Like Lehmann, its smaller sized competitor, Bear Stearns too found itself amidst a gold mine. The erstwhile fifth largest securities firm in the United States, with an illustrious and enviable legacy of continuous quarter on quarter growth since forever, saw its revenues and profits soar more than ever, making Jimmy Cayne, its chief executive a very rich man on paper, with his personal worth surpassing 1.6 billion US dollars. This prompted Bear to invest more and more of its assets into mortgage backed securities that financed the US housing market, moving away from its traditional but less lucrative wealth management and global clearing services.
Between May and September 2008, the party ended and jump started the financial crisis in the United States, which would soon become a global crisis, setting off the worst economic recession in over seventy years. The stock of Bear, which in its prime reached 172.69 dollars a share got battered in a matter of weeks and though Bear ultimately survived, having been bought over by JP Morgan, made Cayne a much poorer man. Lehmann suffered a much crueler fate and just collapsed into bankruptcy, sending shivers in global financial markets. Investments banks, the darlings of Wall Street and the home of fat salaried bankers, would never be the same again, if not all perish in the aftermath.
The financial crisis and the ensuing recession had, as we know, larger implications than the collapse of investment banks, like Lehmann and Bear Stearns. More banks collapsed, credit tightened, small businesses found it difficult to procure loans, consumer demand retracted, and corporations both big and small saw their profits dip, millions lost their homes and many more across the world lost jobs. It was a vicious circle and dark clouds enveloped the world economy that was looking quite rosy just a few months ago. It may well be argued that this was not due to a few companies like Lehmann and Bear going berserk, but reflective of a larger systemic problem and that they were merely the poster boys of greed that became the whipping boys.
Why did this happen? Are we witnessing the end of capitalism, the capitalism of greed, the capitalism of profligacy, the capitalism of individual good? Probably not. However, there are some important lessons to learn from what is now accepted as reckless behavior by big names of the financial world.

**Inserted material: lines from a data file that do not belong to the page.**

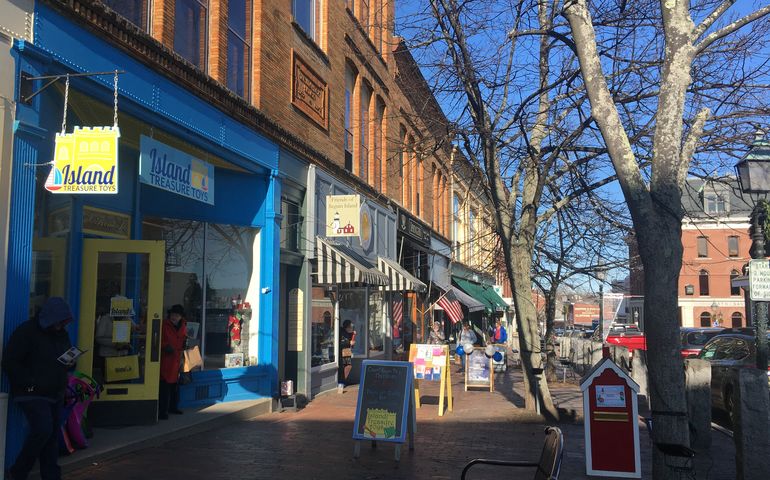 Downtown shopping street in Bath. 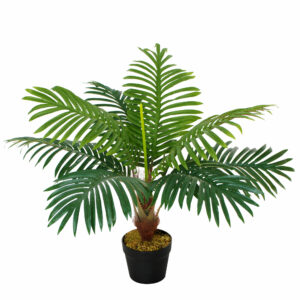 Outsunny Artificial Palm Tree Decorative Plant 8 Leaves with Nursery Pot, Fake Tropical Tree for Indoor Outdoor D??cor, 60cm
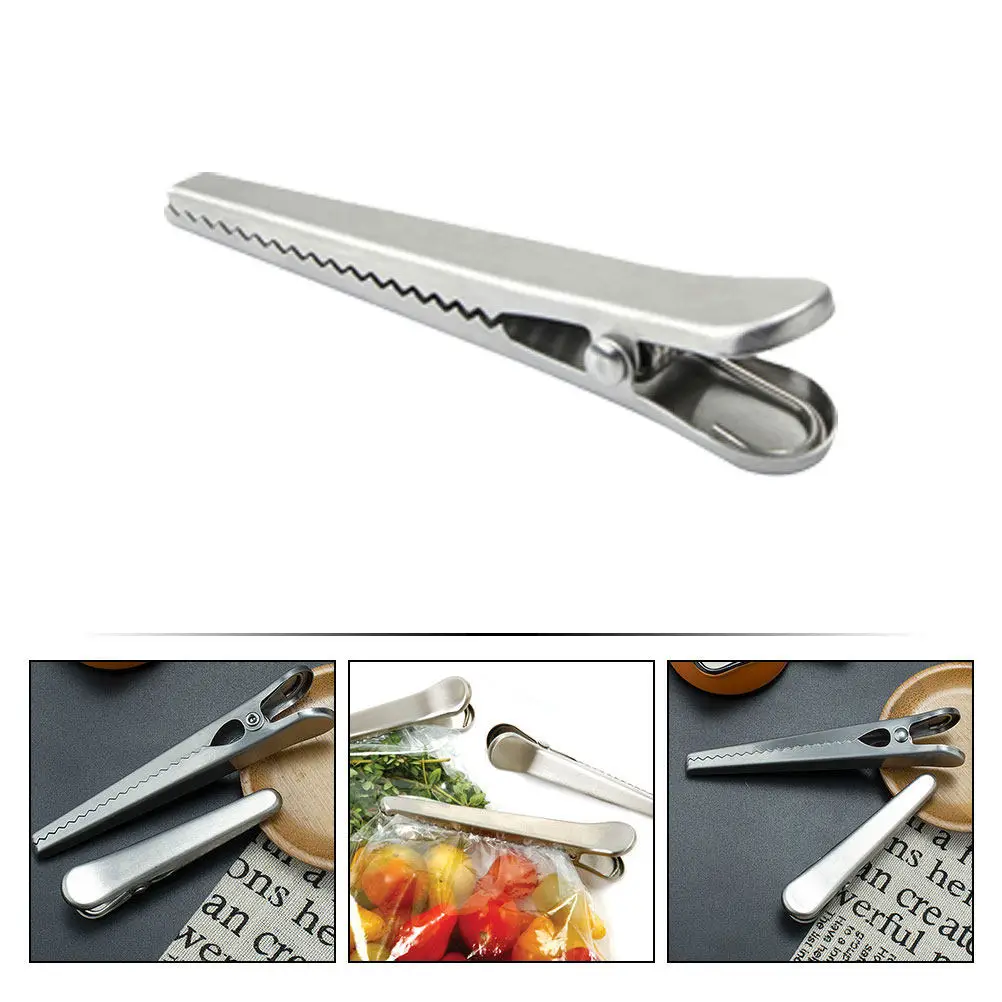 

5Pcs Stainless Steel Alligator Clips Multi-Use Food Bag Sealing Clips for Kitchen Snack Bread Chips Bread Clip
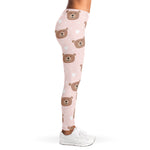 Cute Brown Bear Pattern Print Women's Leggings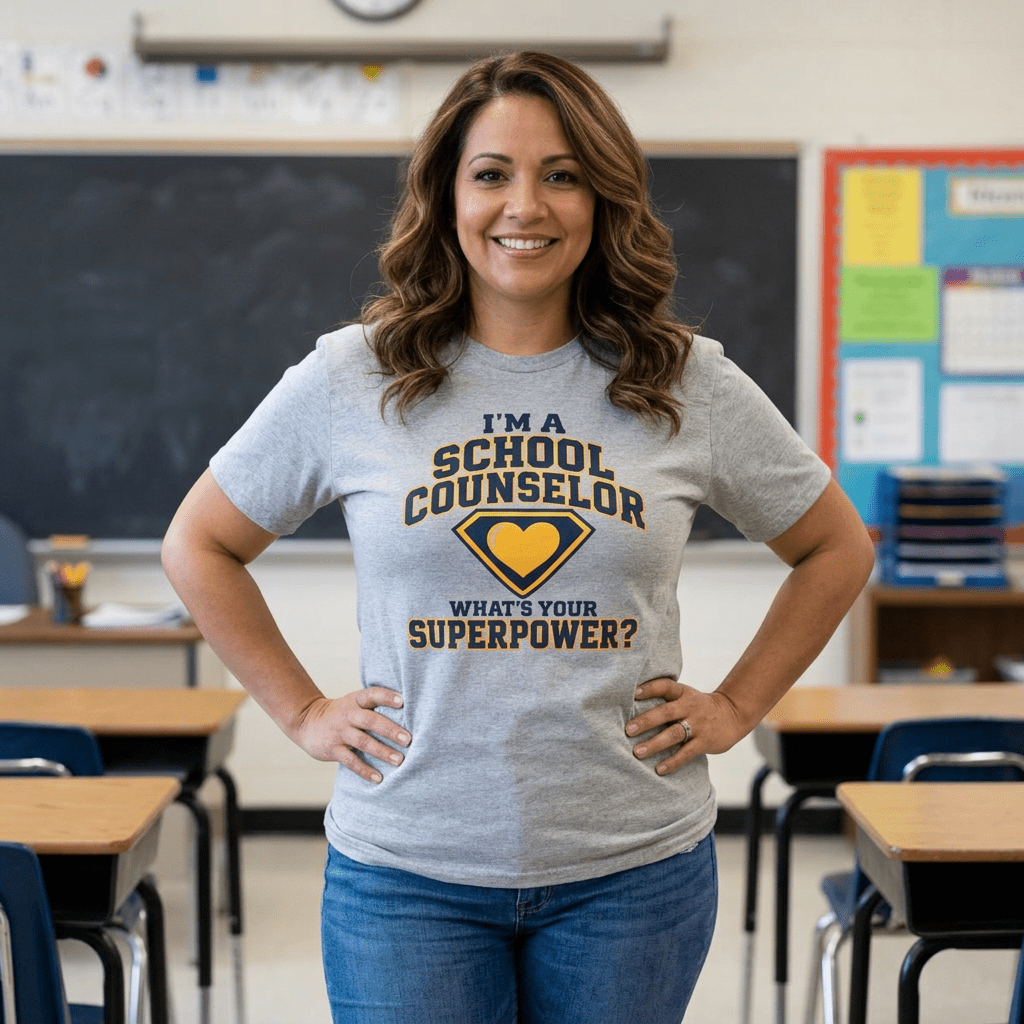 School Counselor Superpower T-Shirt in Sport Grey – TalkTees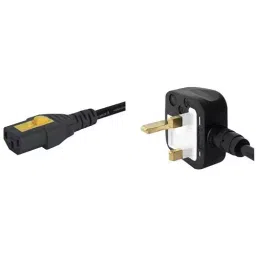 SCHURTER Lead, V-Lock, Uk Plug, C13, 2M, Blk, 6051.2008-29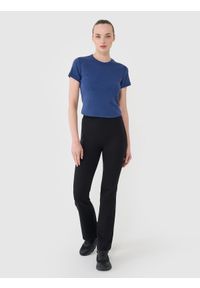 4f - 4F T-shirt slim z prążkowanej dzianiny damski - granatowy S. Okazja: na co dzień. Kolor: niebieski. Materiał: dzianina, prążkowany. Długość rękawa: krótki rękaw. Długość: krótkie. Wzór: prążki. Styl: klasyczny, sportowy, casual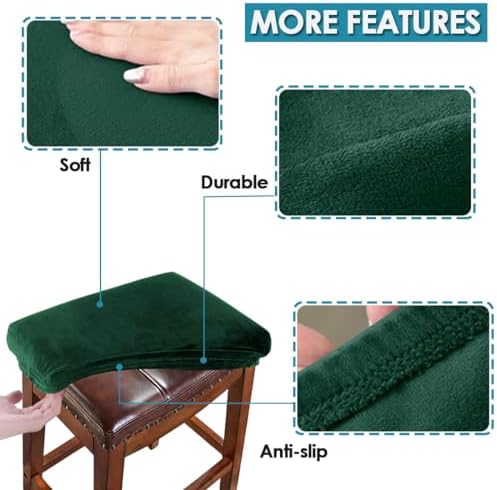 Stool Covers Rectangular Velvet Set of 2 Green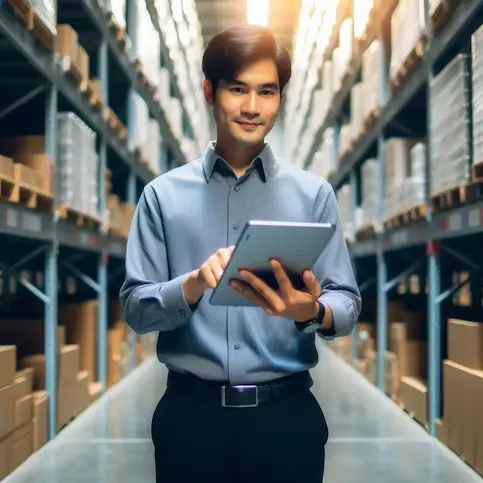 Man using a tablet in a warehouse aisle.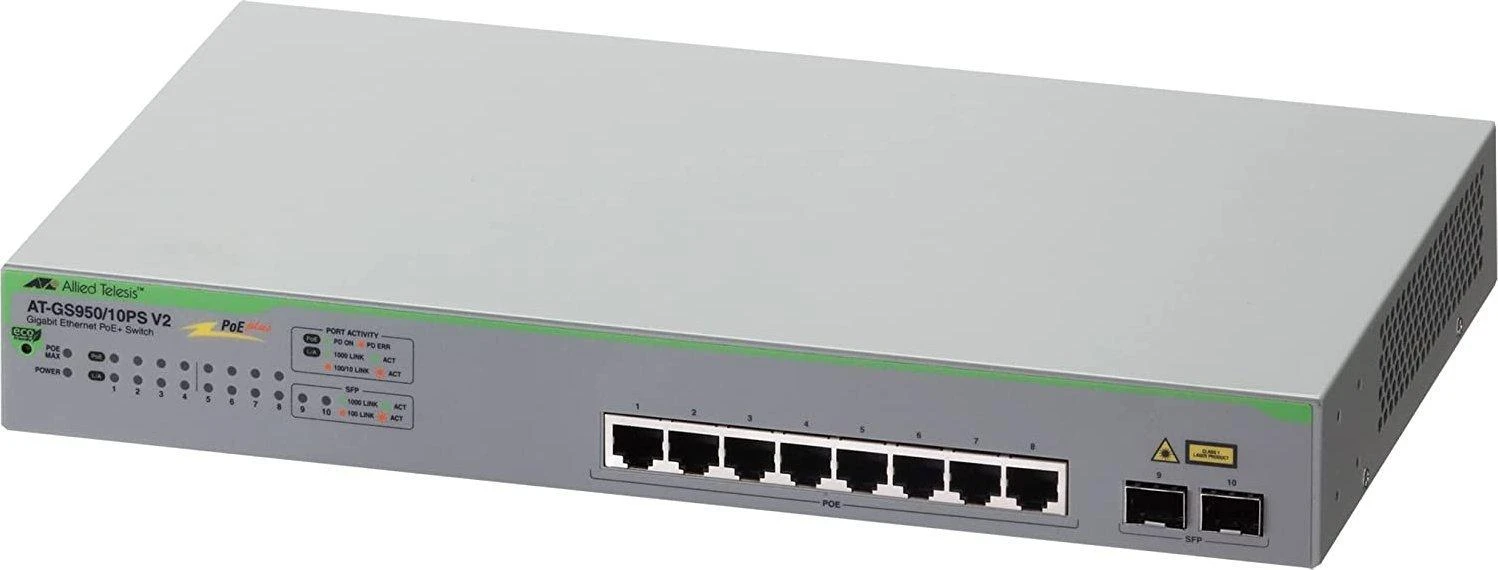 Šakotuvas Allied Telesis GIGABIT WEBSMART komutatorius 8xTPOE+ - 2x SFP prievadai, ES maitinimo laidas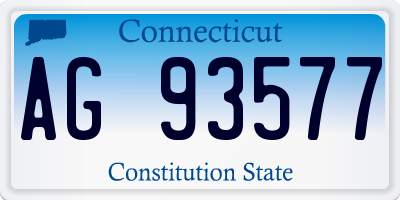 CT license plate AG93577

#1: The world is more global than we ever imagined and globalization and free trade is probably not the only answer. In a world so tightly connected, a subprime crisis in the US, an energy crisis in the Middle East, a manufacturing crisis in China or even a sovereign debt crisis in small European countries can cause catastrophic impact on the global economy as a whole. It may be prudent to strike a balance between the local economy and global economy and not tilt too much one way or the other.
#2: Regulations are not always bad. With the benefit of hindsight, it can be said that appropriate regulation of behavior could have averted the crisis or atleast minimized the impact. The investment banks bought loans from banks using sophisticated financial instruments and made the business of loans very attractive for banks. Banks, in their eagerness to lend, relaxed guidelines to potential homeowners. Ordinary people took loans that they could not afford. In the end, the homeowners could not pay the loans and lost their homes, banks had a lot of bad loans on their balance sheet, which crippled them and investment banks suddenly saw their golden goose go kaput. It was a bubble, which could have been avoided had it been for better regulation, if only the rules for lending were more reasonable and incentive for reckless behavior was controlled.
#3: As with most recessions, it has now become clear with the imminent recovery, that banks, companies, and individuals with strong financial foundations have become much stronger. The well behaved banks have become bigger, fundamentally stronger companies are growing at faster rates and individuals with rainy day savings are getting the house they want at bargain prices.